# eSports Earnings - Data Analysis

## Import necessary Libraries

In [1]:
import numpy as np
import pandas as pd
import matplotlib.pyplot as plt

%matplotlib inline

### Format options

In [2]:
pd.options.display.float_format = '{:,.2f}'.format

In [3]:
plt.style.use('seaborn')

In [4]:
#plt.style.available

# 

## Load the Data

In [5]:
# Dataset: https://www.kaggle.com/jackdaoud/esports-earnings-for-players-teams-by-game

In [6]:
path = './Datasets/eSports/'

In [7]:
countries = pd.read_csv(path + 'country-and-continent-codes-list.csv')
players = pd.read_csv(path + 'highest_earning_players.csv')
teams = pd.read_csv(path + 'highest_earning_teams.csv')

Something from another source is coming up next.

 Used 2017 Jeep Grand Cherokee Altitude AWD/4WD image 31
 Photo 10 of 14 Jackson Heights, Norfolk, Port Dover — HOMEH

FileNotFoundError: [Errno 2] No such file or directory: './Datasets/eSports/country-and-continent-codes-list.csv'

# 

## Data Exploratory

In [None]:
countries.head()

In [None]:
countries['Country_Number'].isnull().sum()

In [None]:
countries[countries['Country_Number'].isnull()]

In [None]:
countries.shape

In [None]:
players.head()

In [None]:
players.shape

In [None]:
teams.head()

In [None]:
teams.shape

# 

In [None]:
countries.info(memory_usage='deep')

In [None]:
countries.memory_usage(deep=True)

#

In [None]:
players.info(memory_usage='deep')

In [None]:
players.memory_usage(deep=True)

#

In [None]:
teams.info(memory_usage='deep')

In [None]:
teams.memory_usage(deep=True)

In [None]:
# we could change some types e.g.: game and genre as category but here are only 400 KB

# 

In [None]:
countries.isnull().sum()

In [None]:
print('Missing Values (in countries DataFrame)', end='\n\n')
for col in countries.columns:
    miss_val = countries[col].isnull().mean()
    if len(str(miss_val * 100).split('.')[0]) == 1:
        print(f'[ {round(miss_val * 100, 1)}%]', col)
    else:
        print(f'[{round(miss_val * 100, 1)}%]', col)
    

In [None]:
countries.duplicated().sum()

In [None]:
players.isnull().sum()

In [None]:
players.duplicated().sum()

In [None]:
teams.isnull().sum()

In [None]:
teams.duplicated().sum()

## Data Cleaning

In [None]:
players.head()

In [None]:
players.groupby(['Genre', 'Game'])['PlayerId'].count()

In [None]:
print('So.. we have 100 players per game!')

# 

## Data Transformation

In [None]:
players.head()

In [None]:
players['CountryCode'].str.upper()

In [None]:
players['CountryCode'] = players['CountryCode'].str.upper()

# 

In [None]:
countries.head()

In [None]:
filtered = countries['Two_Letter_Country_Code'].notnull()     # if we don't use that filter, we will get an error about NaN values
countries[filtered]['Two_Letter_Country_Code'].apply(lambda x: x.upper())

In [None]:
countries['Two_Letter_Country_Code'] = countries[filtered]['Two_Letter_Country_Code'].apply(lambda x: x.upper())

# 

In [None]:
merge_data = pd.merge(countries, players, left_on='Two_Letter_Country_Code', right_on='CountryCode')

In [None]:
merge_data = merge_data.loc[:, ['PlayerId', 'NameFirst', 'NameLast', 'CurrentHandle', 'TotalUSDPrize', 'Game', 'Genre','Continent_Name', 'Country_Name', 'Country_Number']]

In [None]:
merge_data.head()

# 

## Visualization

### Top Games Graph

In [None]:
top_games = players.groupby('Game')['TotalUSDPrize'].sum().sort_values(ascending=False)

In [None]:
top_games

In [None]:
fig, ax = plt.subplots(figsize=(8,5), dpi=100)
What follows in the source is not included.